Dayan citou o que Ben-Gurion tinha dito muitos anos antes, em debates internos sobre o relatório da Comissão Peel, mas salientou que essas palavras, proferidas em 1937, eram “pertinentes também hoje”. Esta é a síntese da doutrina de Ben-Gurion, tal como citada por Dayan:
“Entre nós [os sionistas] não pode haver debate sobre a integridade da Terra de Israel [isto é, da Palestina], e sobre os nossos vínculos e direito a toda a Terra. Quando um sionista fala sobre a integridade da Terra, isto só pode significar colonização [hityashvut] por parte dos judeus da Terra na sua totalidade. Isto é: do ponto de vista do Sionismo a verdadeira questão não se limita [à questão de] a quem pertence politicamente este ou aquele segmento da Terra, nem mesmo à crença abstrata na sua integridade. Pelo contrário, o objetivo e a verdadeira questão de fundo do sionismo é a implementação concreta da colonização pelos judeus de todas as áreas da Terra de Israel”.
Golda Meir nunca negou sua avidez por colocar em prática a ideologia sionista, e até os líderes militares, como Moshe Dayan, foram forçados a admitir que Israel estava lançando as sementes da violência em Gaza. Ele confessou: “O que podemos dizer contra o terrível ódio deles por nós? Durante oito anos, eles permaneceram nos campos de refugiados de Gaza e observaram como, diante dos seus olhos, transformamos as suas terras e aldeias, onde eles e os seus antepassados viveram, na nossa casa.”

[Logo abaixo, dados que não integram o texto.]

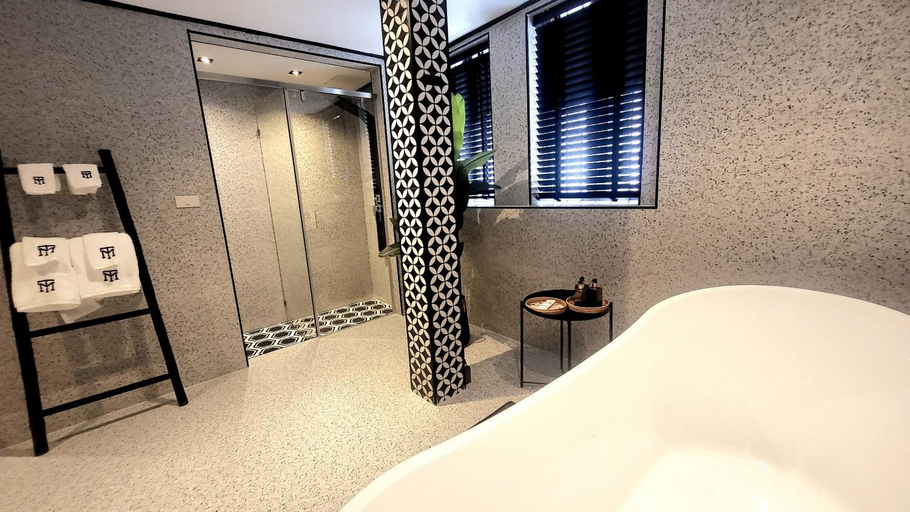 Bathroom 4, Soho Heritage House Chinatown Bangkok, Samphantawong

Durante as décadas seguintes, Israel sujeitaria Gaza a uma série violenta de invasões e ocupações militares, ataques e ofensas, incursões e administrações militares, campanhas de bombardeamento e ataques aéreos, repetidos massacres e deslocações em massa, e a um bloqueio de anos que ainda está em vigor. Dayan e Levi Eshkol consideraram mesmo a transferência de refugiados de Gaza para a Cisjordânia, para o Sinai ou para o Iraque – ou ainda para um país árabe no Norte de África (a Operação Líbia). Eles até conceberam um plano secreto, o “plano Moshe Dayan” para transferir refugiados de Gaza para a América Latina.

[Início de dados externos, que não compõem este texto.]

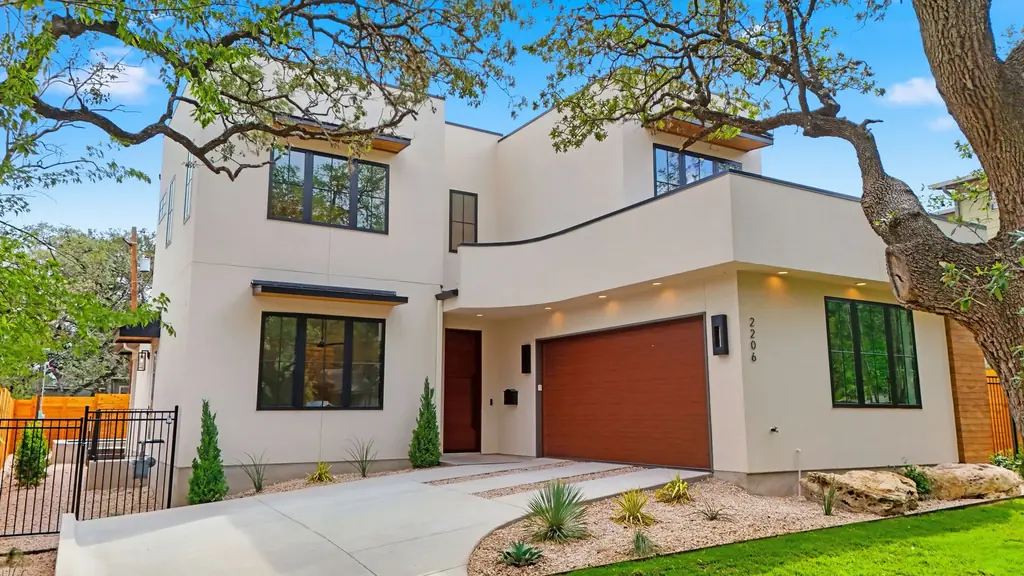 2206 La Casa — home built by Paradisa Homes in Austin TX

Entretanto, os refugiados de Gaza tiveram de sofrer o terrível destino de viver sob o jugo das mesmas forças que os tinham desenraizado décadas antes. Bombardeados, sitiados e presos numa jaula construída por Israel, jaula esta que Golda Meir também arquitetou.

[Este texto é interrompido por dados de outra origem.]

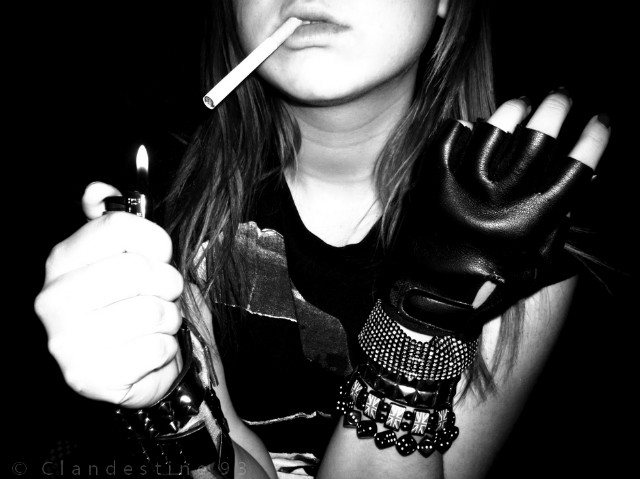 KILL THE PARTY WITH ME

Em 2023, o filme Golda estreou e como é de se esperar uma peça de propaganda que buscou humanizar os personagens aqui citados, seja mostrando a frágil saúde da primeira ministra que se deteriorava, seja pela ansiedade, ou até mesmo os soldados “aterrorizados” pela guerra que eles semearam. Golda é frequentemente lembrada como uma líder controversa, dura, no entanto, é ainda uma genocida bem aceita.